──────── DATA

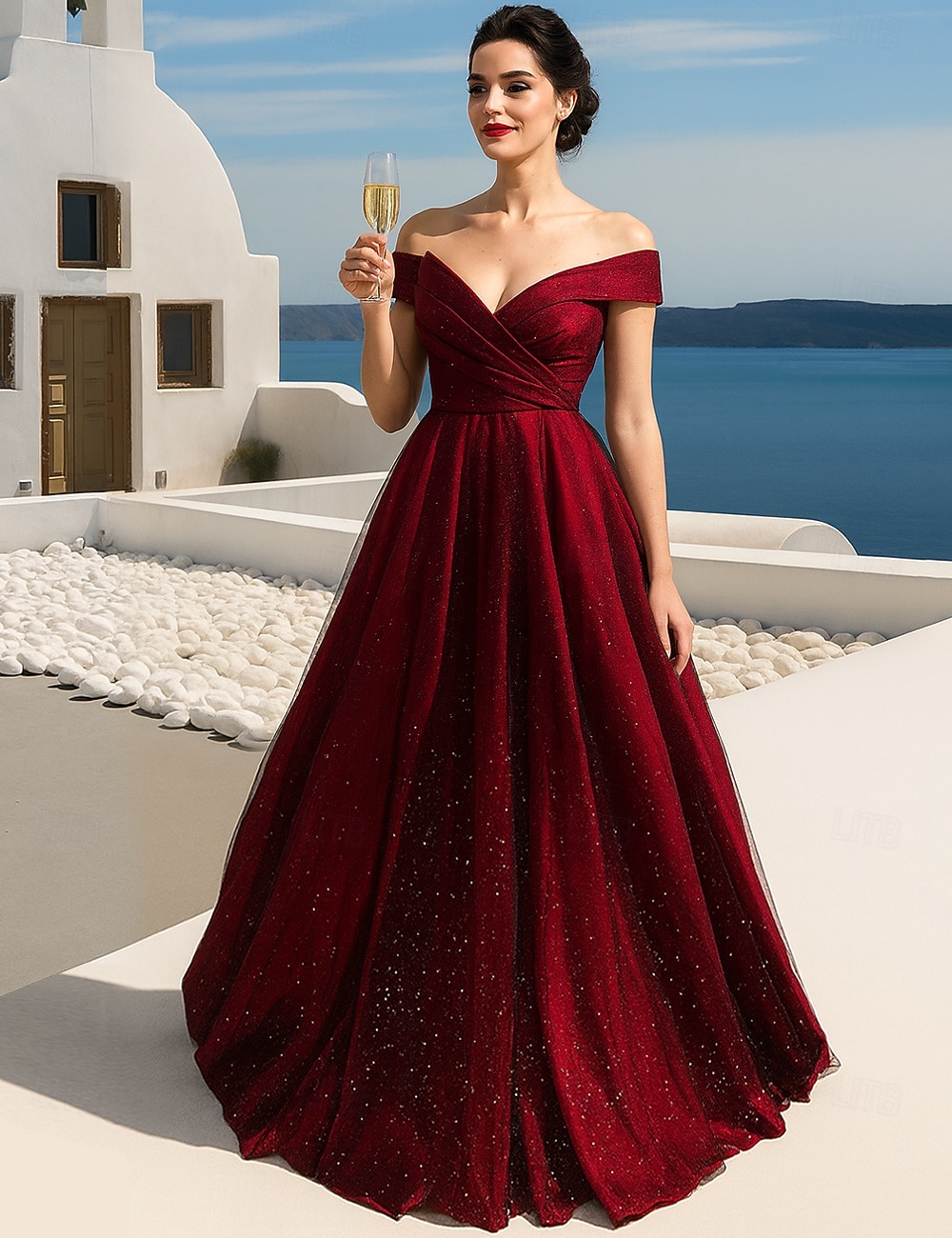 A-Line Floor Length Formal Dresses Evening Gown Quinceanera Dresses Elegant Party Sleeveless Off Shoulder Evening Party Wedding with Glitter Sequin Slit 2026 - $103.99 –P5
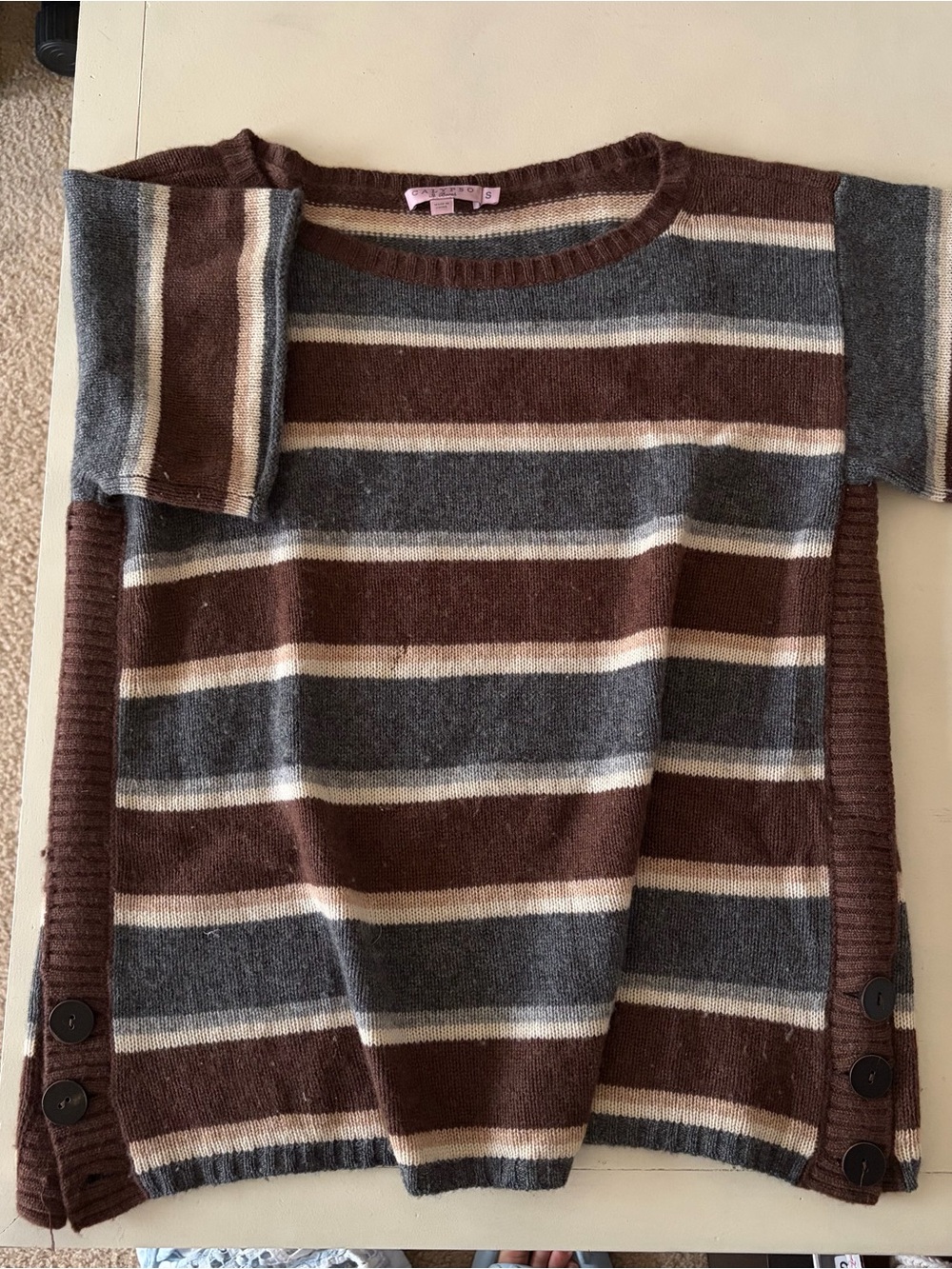 striped short sleeve sweater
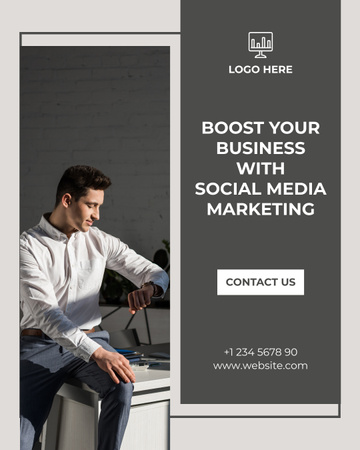 Social Media Marketing Services Ad Instagram Post Vertical Design Template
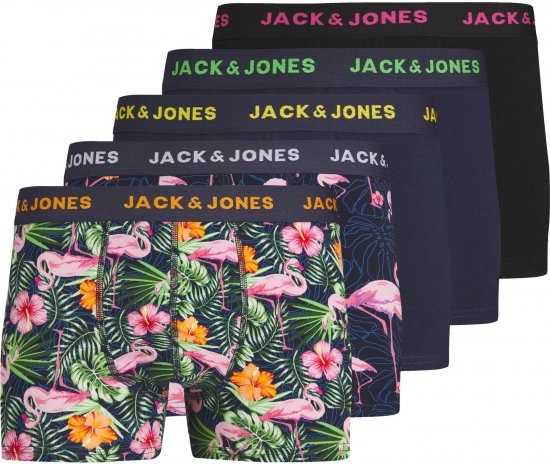Jack & Jones JACPINK FLAMINGO TRUNKS 5 PACK Navy Blazer - Бельо & Бански шорти - Мъжко бельо големи размери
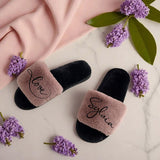 Custom Name Wedding Slippers – Personalized Fuzzy White Slippers for Bridesmaids, Bridal Party, Bachelorette, Spa Days, Cozy & Fluffy - Venuston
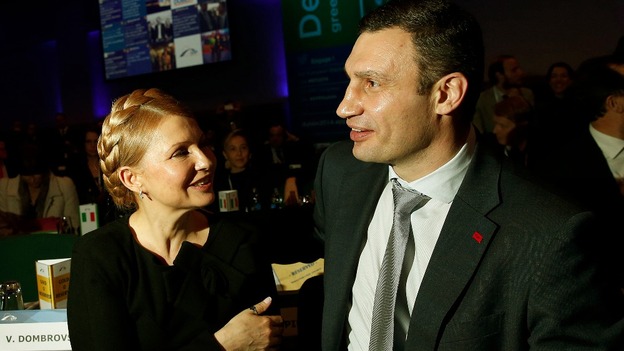 Ukrainian opposition politicians Yulia Tymoshenko and Vitali Klitschko.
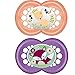 MAM Animal Pacifier (2 Pack, 1 Sterilizing Pacifier Case), Pacifiers 6 Plus Months, Baby Pacifiers, Baby Girl, Best Pacifiers for Breastfed Babies, Sterilizing Storage Case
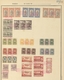 San Marino: 1918/1925 (ca). 40 Strips Of 3 On UPU Album Pages, Red Overprint "specimen Collection Ma - Neufs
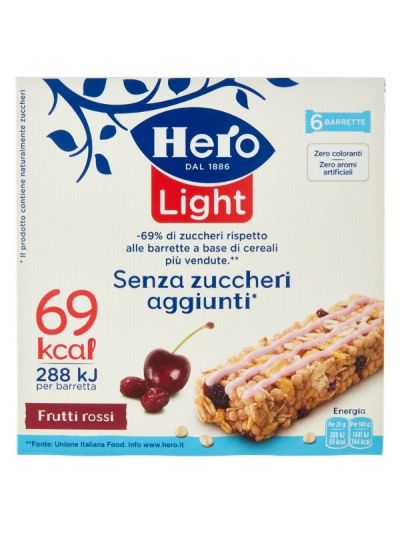 HERO LIGHT Barrette Ai Frutti Rossi 6X20G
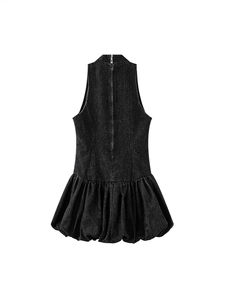 Elegant black denim sleeveless balloon hem dress with halter neck and back zipper detail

────────────────

• **WHAT THIS TASK INVOLVES**
In the reply, give again exactly the lines from the beginning of the entries above through the line with "Ukrainian opposition politicians"; pictures stay out.

• **EXPECTED ANSWER**
 A-Line Floor Length Formal Dresses Evening Gown Quinceanera Dresses Elegant Party Sleeveless Off Shoulder Evening Party Wedding with Glitter Sequin Slit 2026 - $103.99 –P5
 striped short sleeve sweater
 Social Media Marketing Services Ad Instagram Post Vertical Design Template
Jack & Jones JACPINK FLAMINGO TRUNKS 5 PACK Navy Blazer - Бельо & Бански шорти - Мъжко бельо големи размери
 Custom Name Wedding Slippers – Personalized Fuzzy White Slippers for Bridesmaids, Bridal Party, Bachelorette, Spa Days, Cozy & Fluffy - Venuston
 Ukrainian opposition politicians Yulia Tymoshenko and Vitali Klitschko.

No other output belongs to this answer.